The text is nothing if not obsessive regarding the need to seriously debilitate Syria's ability to act in any way is a pole of regional influence in the in the area.
"Israel can shape its strategic environment, in cooperation with Turkey and Jordan, by weakening, containing, and even rolling back Syria. This effort can focus on removing Saddam Hussein from power in Iraq -- an important Israeli strategic objective in its own right -- as a means of foiling Syria's regional ambitions."
"Most important, it is understandable that Israel has an interest supporting diplomatically, militarily and operationally Turkey's and Jordan's actions against Syria, such as securing tribal alliances with Arab tribes that cross into Syrian territory and are hostile to the Syrian ruling elite."
And as Dan Sanchez has recently shown, David Wurmser went into even greater detail about the need to balkanize Israel's northeastern neighbor in articles published in approximately the same time period, talking quite openly in one essay about "expediting the chaotic collapse" of Baathist Syria.
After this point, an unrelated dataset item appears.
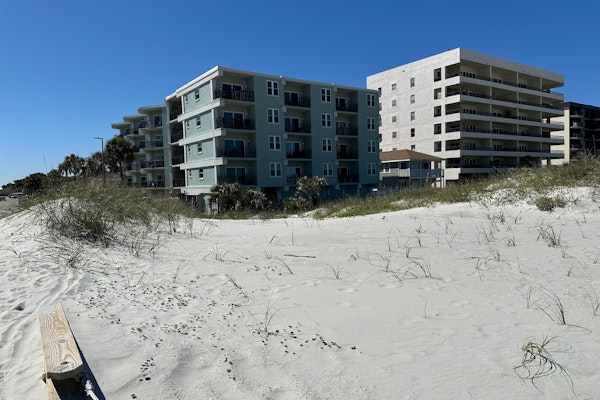Welcome to Sandpiper Beachfront Condo. Cozy 1-bed in JAX Beach, perfect for couples! Pet-friendly!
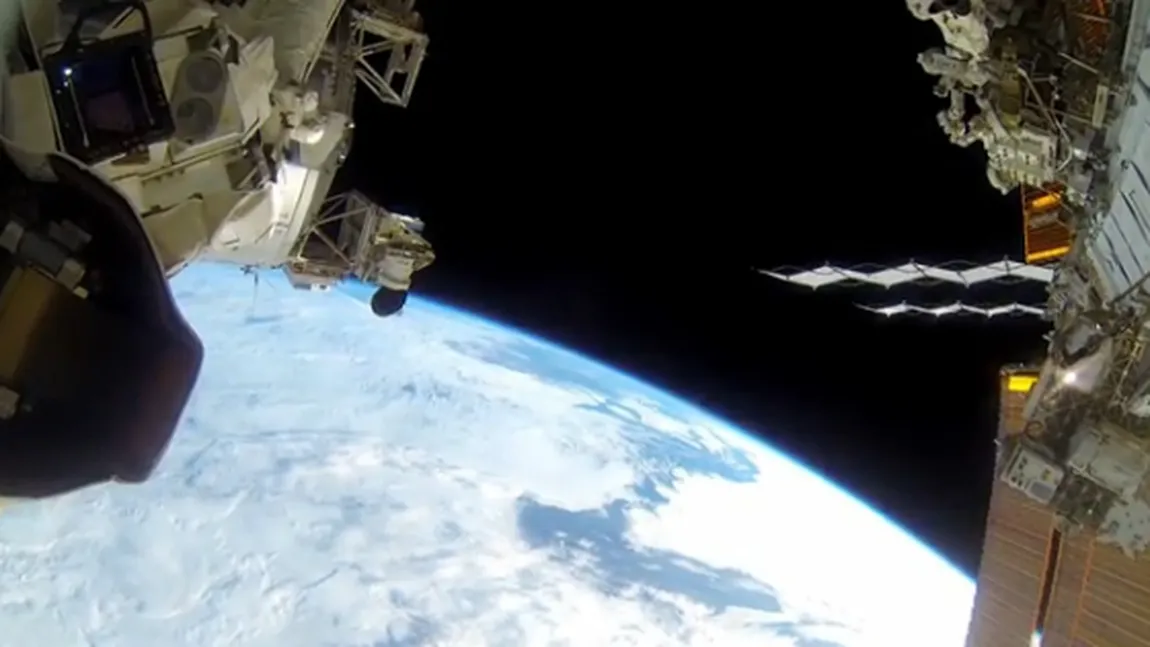 Imagini incredibile din spaţiu. Ce a surprins un astronaut care şi-a montat un Go Pro pe costum VIDEO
Then there is Wesley Clark's famous speech, given in 2007, in which he revealed the true strategic aims of those running US foreign policy in the wake of the September 11th attacks. In it, he tells of a conversation he had at that time with a Pentagon official who admitted that the real plan was "to attack and destroy the governments in seven countries in five years".
Those countries, according to Clark, were: Iraq, Syria, Lebanon, Libya, Somalia, Sudan and Iraq. In the same speech, he explicitly ties the hatching of the plan to Richard Perle, head of the cadre of people who wrote in the "Clean Break" document of the paramount importance of putting Israel in position to "shape its strategic environment".
On September 5th, 2013, Alon Pinkas, the former Israeli Consul General in New York and well-connected member of Tel Aviv's conservative policy elite described the Syrian conflict in the following terms in the New York Times:
"This is a playoff situation in which you need both teams to lose, but at least you don't want one to win -- we'll settle for a tie,....Let them both bleed, hemorrhage to death: that's the strategic thinking here. As long as this lingers, there's no real threat from Syria."
I don't think it can get much clearer than that. The US-Israeli plan in Syria never been about helping anyone in that country, but rather insuring its effective dismemberment so as to further the perceived "strategic interests" of the Jewish state.
As Tomas Alcoverro, the longtime Mideast correspondent of Barcelona's La Vanguardia newspaper, wrote on 9 October 2015, in reference to the combined Russian and Syrian government attacks carried out during the previous week: "If this joint offensive is successful, the US plan for continuing the war of attrition until both sides are exhausted, will lie in ruins".
Yes, the US and Israelis have been "faking it" in Syria for a good long time now. And Putin has come along and called their bluff.
And they are not happy about it. This is why the ongoing campaign of demonization against the Russian leader is being ratcheted up--if that's possible--to still higher levels of intelligence-insulting hyperbole.